Records for the exercise below:

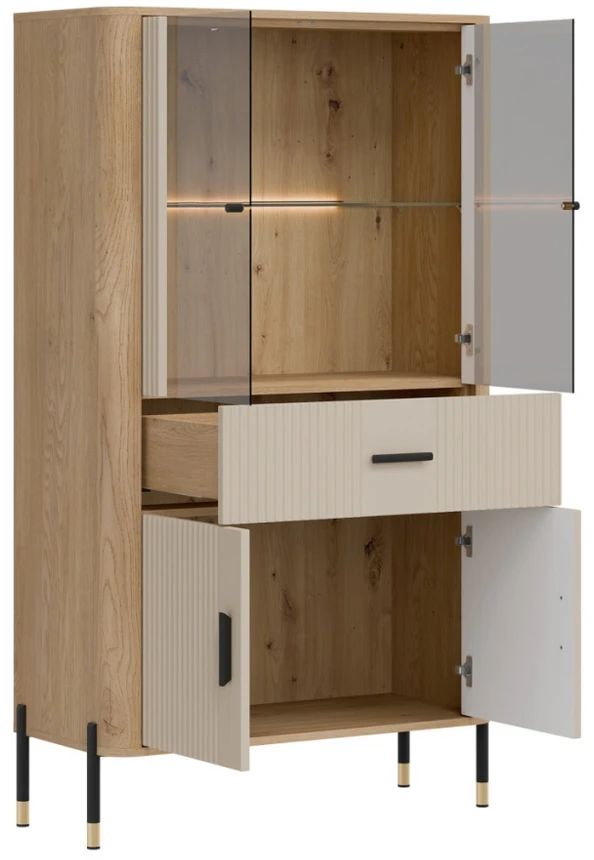 Liveo Indauja DANTE DT12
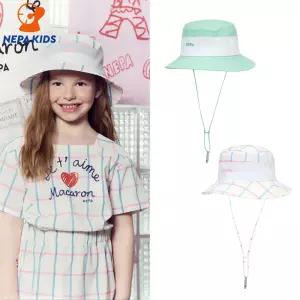 NEPA KIDS 네파키즈 공용 킨조 버킷햇 KKD7404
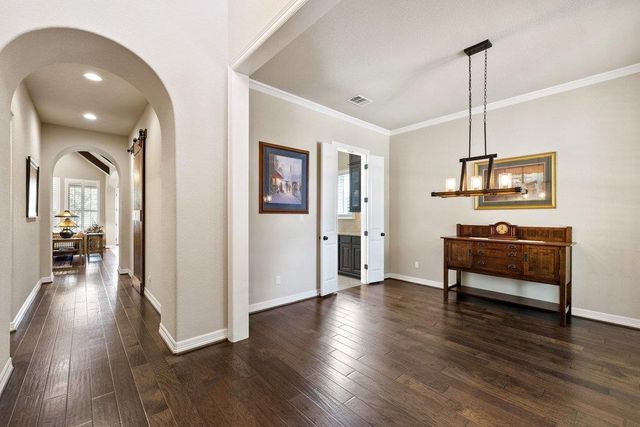 16700 Poppy Mallow DR, Austin, TX 78738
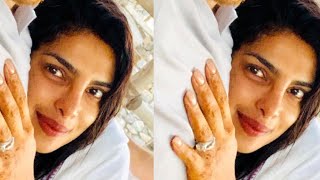 Priyanka Chopra Wedding and Honey Moon Pictures - Must Watch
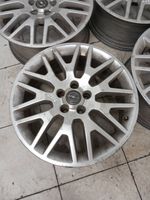 Opel Signum Jante alliage R18 Sl1832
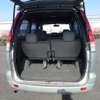 toyota townace-noah 2000 CFJ3090172 image 14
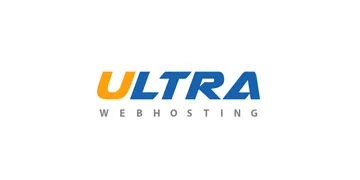 ULTRA Web Hosting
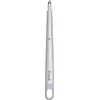 Cricut - Stylet de rainage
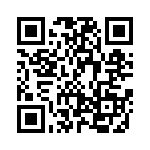 CY28800OXC QRCode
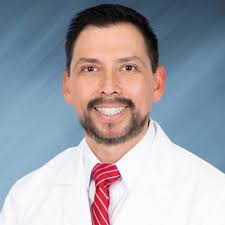 We are thrilled to announce that six of our clinic laboratory teams have  earned the COLA Inc. Lab Excellence Award for a stellar performance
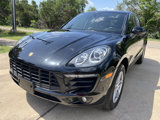 Used 2017 Porsche Macan image 5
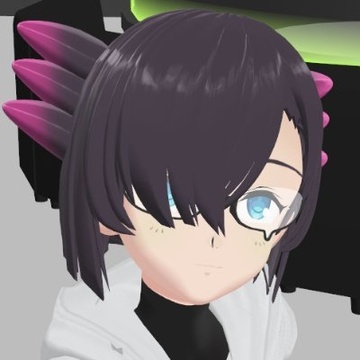 BunnyFun Patreon Creator Profile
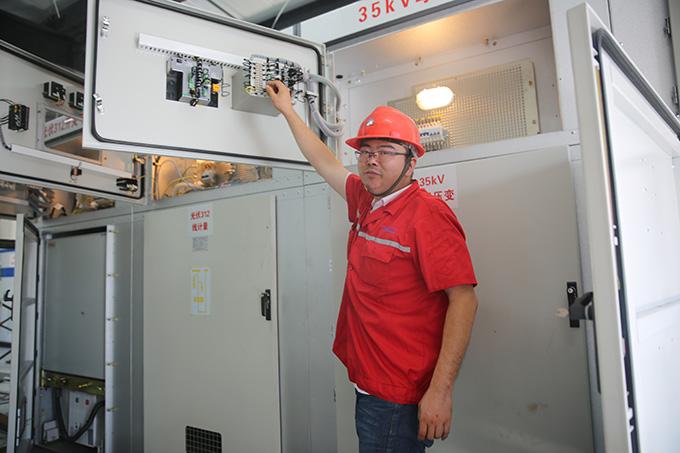 首页-PA真人集团有限公司官网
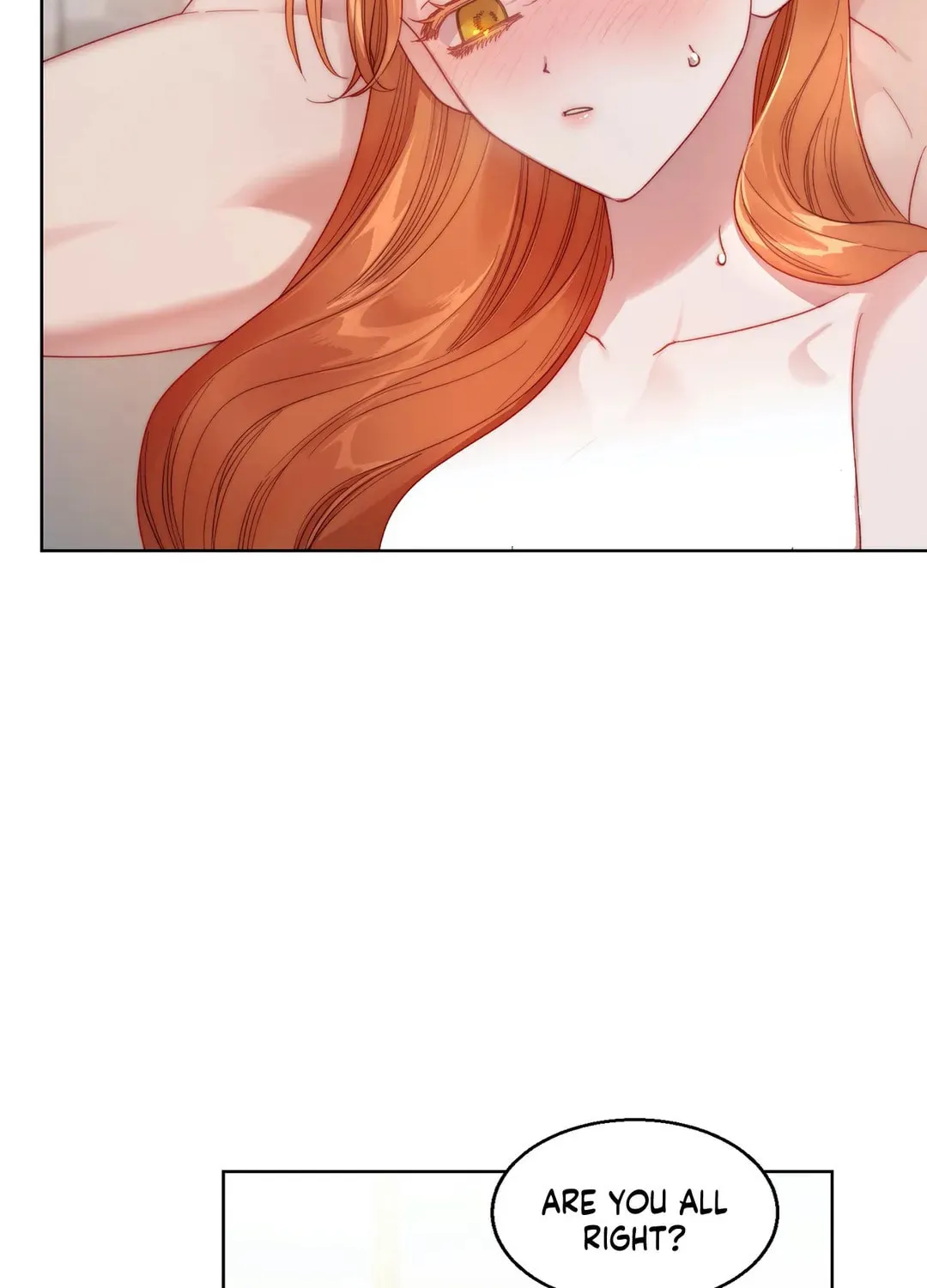 Read Lucia chapter 111 image 79 on Lezhin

End of Records for the exercise.

## About this exercise
From the first line to the last, write out the data exactly, dropping any pictures.

## Answer box
 Liveo Indauja DANTE DT12
 NEPA KIDS 네파키즈 공용 킨조 버킷햇 KKD7404
 16700 Poppy Mallow DR, Austin, TX 78738
 Priyanka Chopra Wedding and Honey Moon Pictures - Must Watch
 Opel Signum Jante alliage R18 Sl1832
 toyota townace-noah 2000 CFJ3090172 image 14
 ULTRA Web Hosting
 Cricut - Stylet de rainage
 CY28800OXC QRCode
 We are thrilled to announce that six of our clinic laboratory teams have  earned the COLA Inc. Lab Excellence Award for a stellar performance
 Used 2017 Porsche Macan image 5
 BunnyFun Patreon Creator Profile
 首页-PA真人集团有限公司官网
 Read Lucia chapter 111 image 79 on Lezhin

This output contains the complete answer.